- [DATA]:

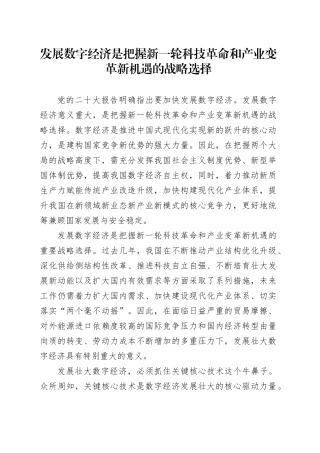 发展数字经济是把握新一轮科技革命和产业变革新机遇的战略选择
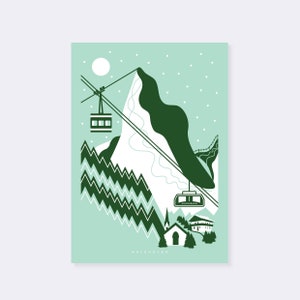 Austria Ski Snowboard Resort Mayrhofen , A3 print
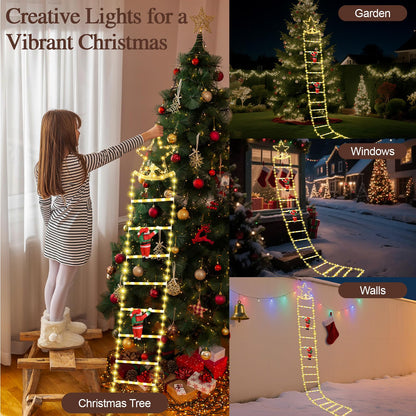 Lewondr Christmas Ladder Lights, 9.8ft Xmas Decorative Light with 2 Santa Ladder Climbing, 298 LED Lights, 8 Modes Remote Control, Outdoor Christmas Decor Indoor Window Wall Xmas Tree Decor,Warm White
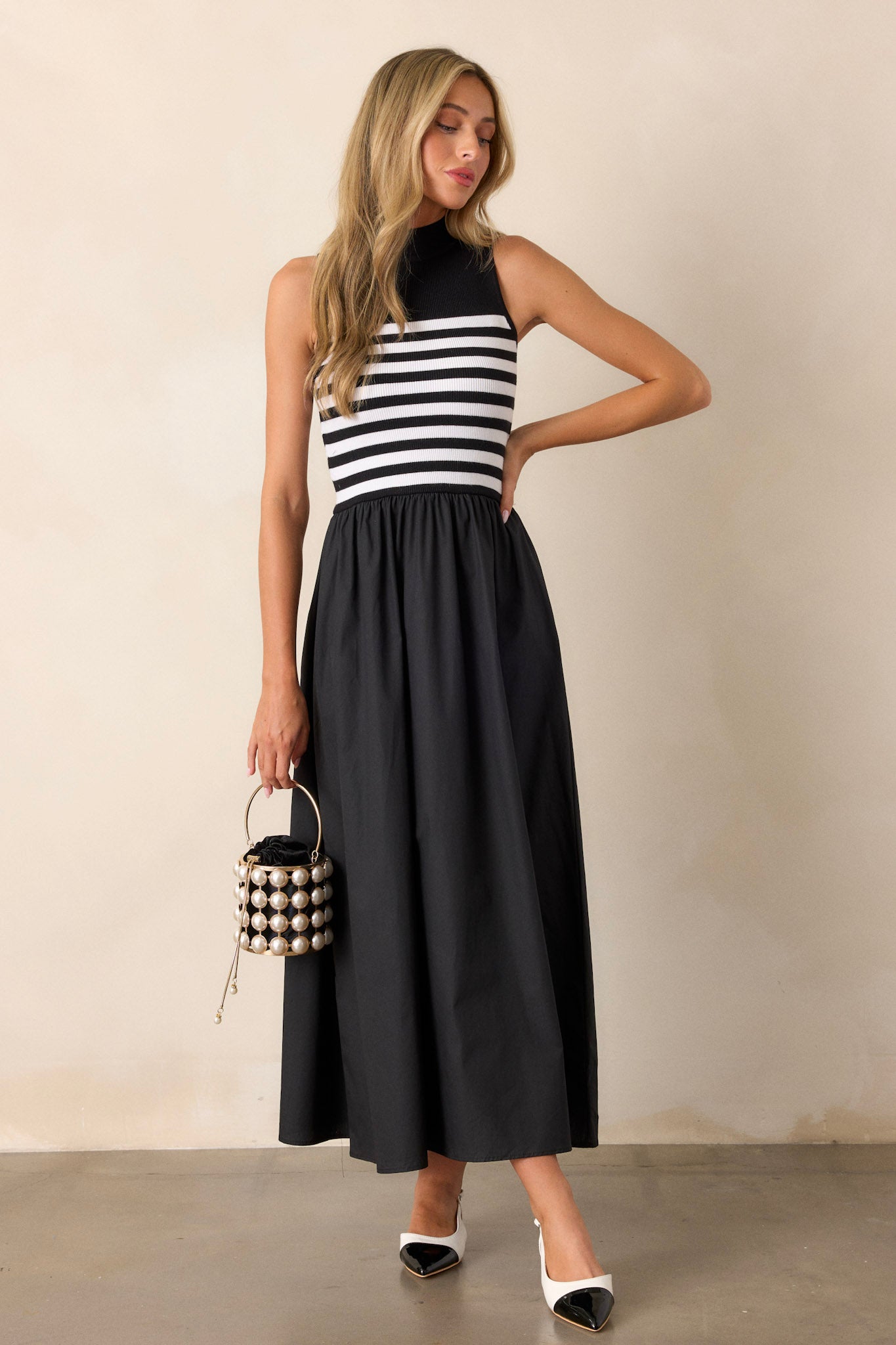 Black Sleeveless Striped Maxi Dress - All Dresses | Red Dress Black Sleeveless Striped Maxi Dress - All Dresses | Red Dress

- [TASK DETAILS]: Images are not wanted in the copy. Please print the material above exactly.

- [RESULT]:
 发展数字经济是把握新一轮科技革命和产业变革新机遇的战略选择
 Austria Ski Snowboard Resort Mayrhofen , A3 print
 Lewondr Christmas Ladder Lights, 9.8ft Xmas Decorative Light with 2 Santa Ladder Climbing, 298 LED Lights, 8 Modes Remote Control, Outdoor Christmas Decor Indoor Window Wall Xmas Tree Decor,Warm White
 Black Sleeveless Striped Maxi Dress - All Dresses | Red Dress Black Sleeveless Striped Maxi Dress - All Dresses | Red Dress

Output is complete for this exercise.